Но время, как таковое, не движется из нашего прошлого в наше будущее. Его ортогональная ось ведет его через ротационный, вращательный, попеременный цикл, внутри которого, к примеру, мы, так сказать, «бегали в колесе» протяженной зимы нашего вида, которая длилась почти две тысячи наших линейных лет. Судя по всему, ортогональное (истинное) время совершает нечто, похожее на первобытное циклическое время, в котором каждый год рассматривался как тот же самый год, а новый урожай считался тем же урожаем. В сущности, и каждая весна была той же самой весной. Разрушил эту человеческую способность воспринимать время таким невероятно простым образом тот факт, что сам человек проживал очень много таких лет и видел, как он изнашивается и не обновляется каждый год, словно урожай зерна, лук, корнеплоды и деревья. Он подумал, что должна существовать более адекватная модель времени, нежели просто циклическая. Таким образом, постепенно он изобрел линейное кумулятивное время, о котором писал Бергсон – оно идет только в одном направлении и добавляется (само или кем-то) ко всему, мимо чего проносится.
Истинное ортогональное время характеризуется ротационной динамикой, и в более крупном масштабе оно сродни Великому Году древних и представлению Данте о взаимодействии времени и вечности, которое он подробно описал в своей «Божественной Комедии». В Средние Века, такие мыслители как Эригена начали чувствовать истинную вечность или безвременье, в то время как другие утверждали, что вечность включает в себя и время (безвременье это статичное состояние), хотя это время достаточно сильно отличается от нашего привычного восприятия.
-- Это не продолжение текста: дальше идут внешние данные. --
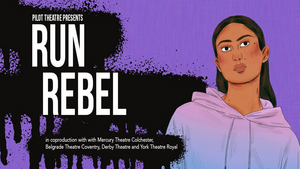 Mercury Theatre Announces Programming For 2023; Derren Brown, RUN REBEL, and More! Image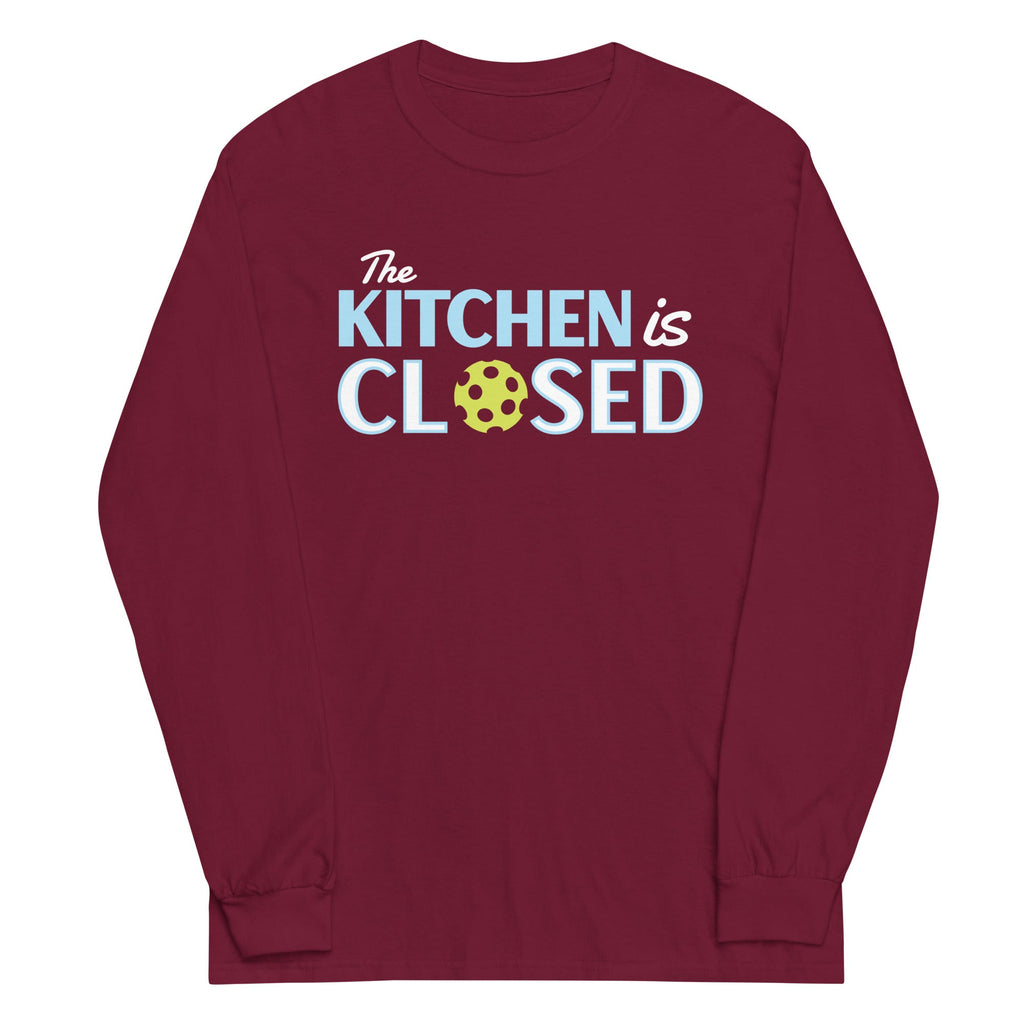 The Kitchen Is Closed Unisex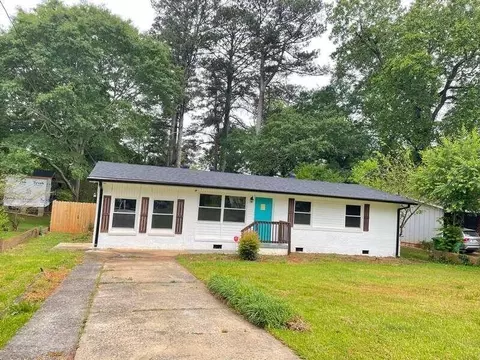 609 Melrose Dr, Forest Park, GA 30297
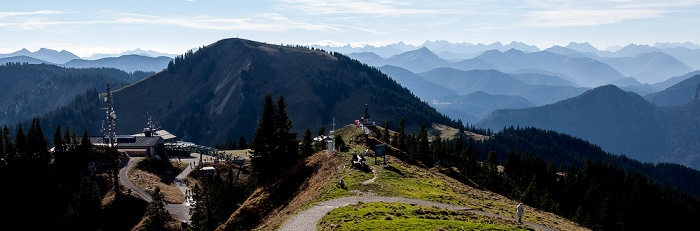 Wallberg-Panoramrestaurant, Wallberg-Kircherl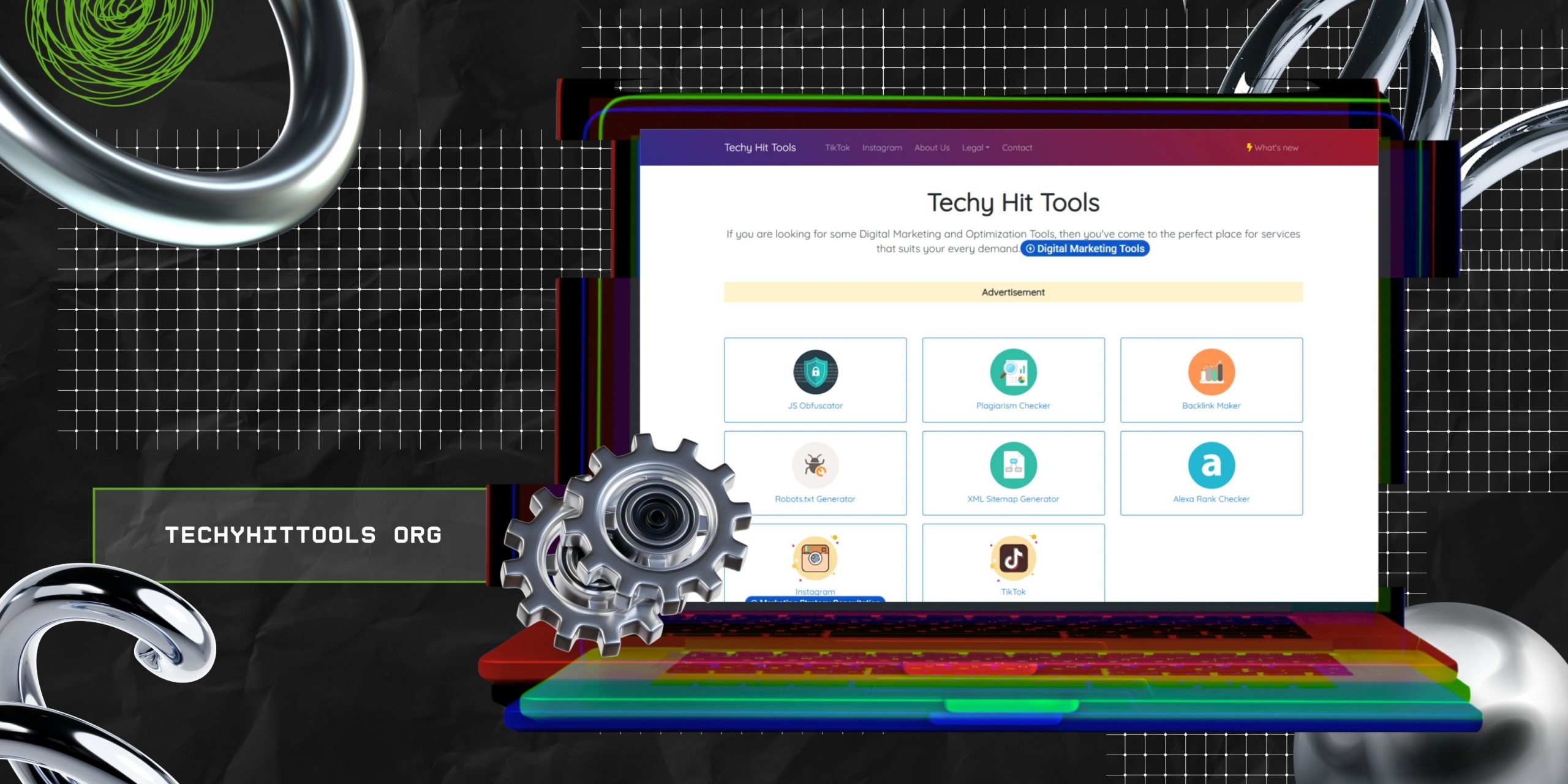 Techy Hit Tools – Free Online SEO, Image & Web Tools in One Place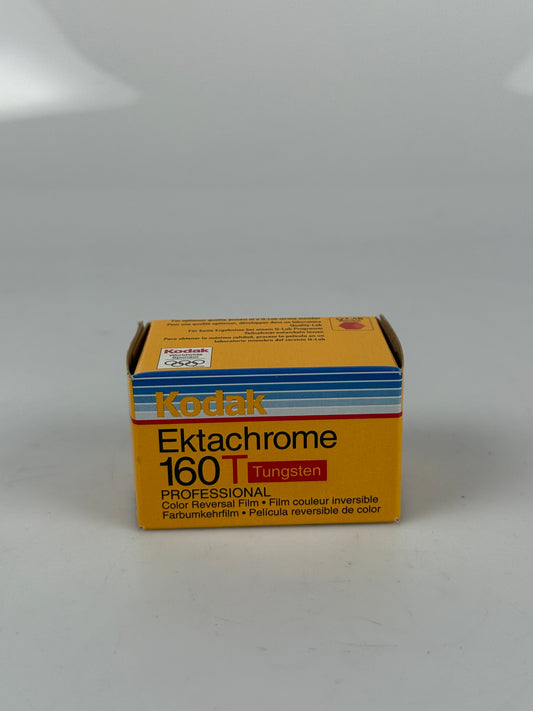 Kodak Ektachrome 160T Tungsten 35mm Film Expired 2005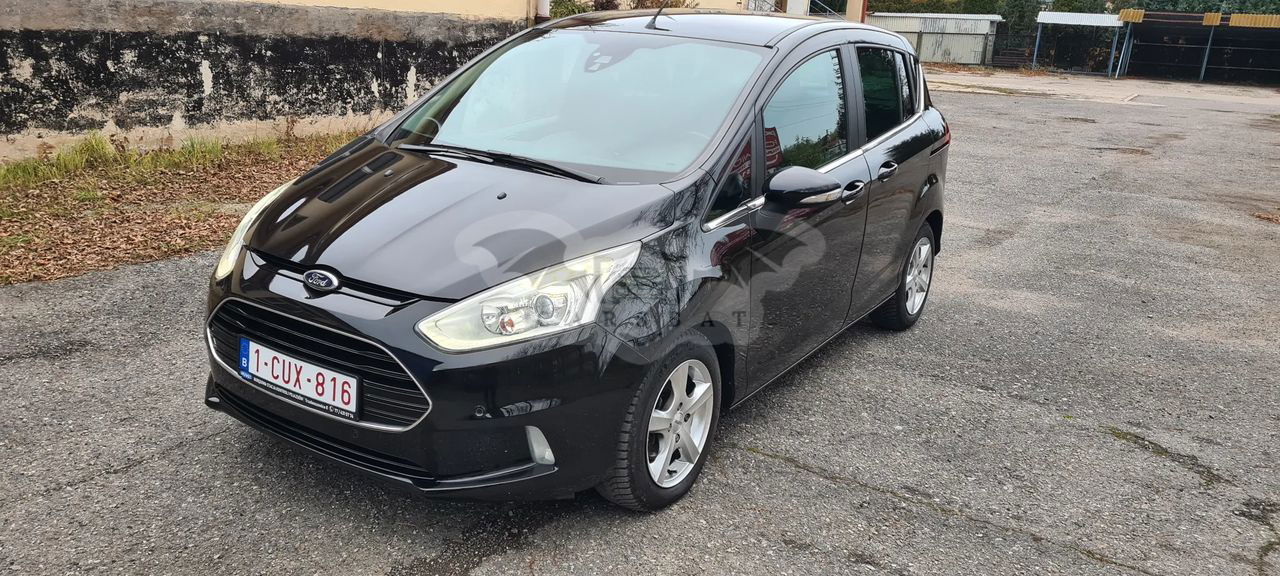 Ford B-Max 1.0 EcoBoost Titanium 2013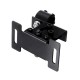 13.5mm-23.5mm Laser Module Pointer Holder Adjustable Height Horizontal Position Wall Mount Clamp Bracket 13.5mm-23.5mm Laser Module Pointer Holder Adjustable Height Horizontal Position Wall Mount Clamp Bracket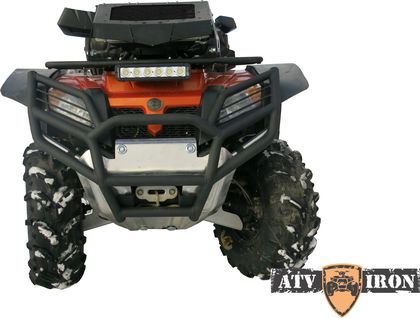 Бампер передний ATV Iron для CFMoto X8 2012-2024. Артикул 01.2.10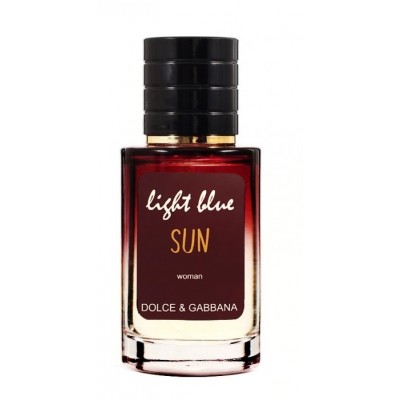 Dolce & Gabbana Light Blue Sun ТЕСТЕР LUX женский 60 мл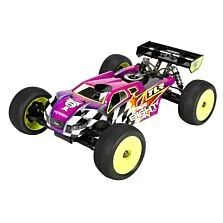 Team Losi Racing 1/8 8IGHT-T 4.0 4WD Nitro Truggy Race Kit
Ключ к пониманию лежит к повторяемому тезису Апостола Павла о том, что Последние дни мира будут Временем восстановления всех вещей. Он, очевидно, воспринимал это ортогональное время достаточно ясно, чтобы понять, что оно содержит в качестве синхронного единомоментного плана все, что когда-либо существовало, также как бороздки на виниловой пластинке содержат в себе часть музыки, которая уже была проиграна, они не исчезают после того, как игла проходит по ним. Грампластинка представляет собой длинную спиральную канавку и может быть полностью представлена простым планиметрическим способом (думаю, можно говорить о том, что игла накапливает, собирает музыкальное произведение по мере ее движения). Идея о том, что в этом спиральном времени возможны спонтанные перескакивания иглы вперед и назад (дисфункции проигрывания) представляется вероятной, но они бы не послужили никакому телеологическому смыслу – это были бы сдвиги времени, как в моем романе «Сдвиг времени по-марсиански». Но, однако, они могли бы иметь большой смысл для нас, наблюдателей и слушателей вселенной, за счет этих сдвигов мы бы узнали много нового о мироздании. Я полагаю, что такие онтологические дисфункции времени иногда случаются, но наш мозг тут же автоматически генерирует ложные системы воспоминаний, пряча и вуалируя их. Причина этого отсылает нас к основе нашего рассуждения: вуаль или докос существует и вводит нас в заблуждение не просто так, и обнаружение скрытого порядка через наблюдение временных дисфункций сглаживается нашим восприятием ради поддержания высшей цели.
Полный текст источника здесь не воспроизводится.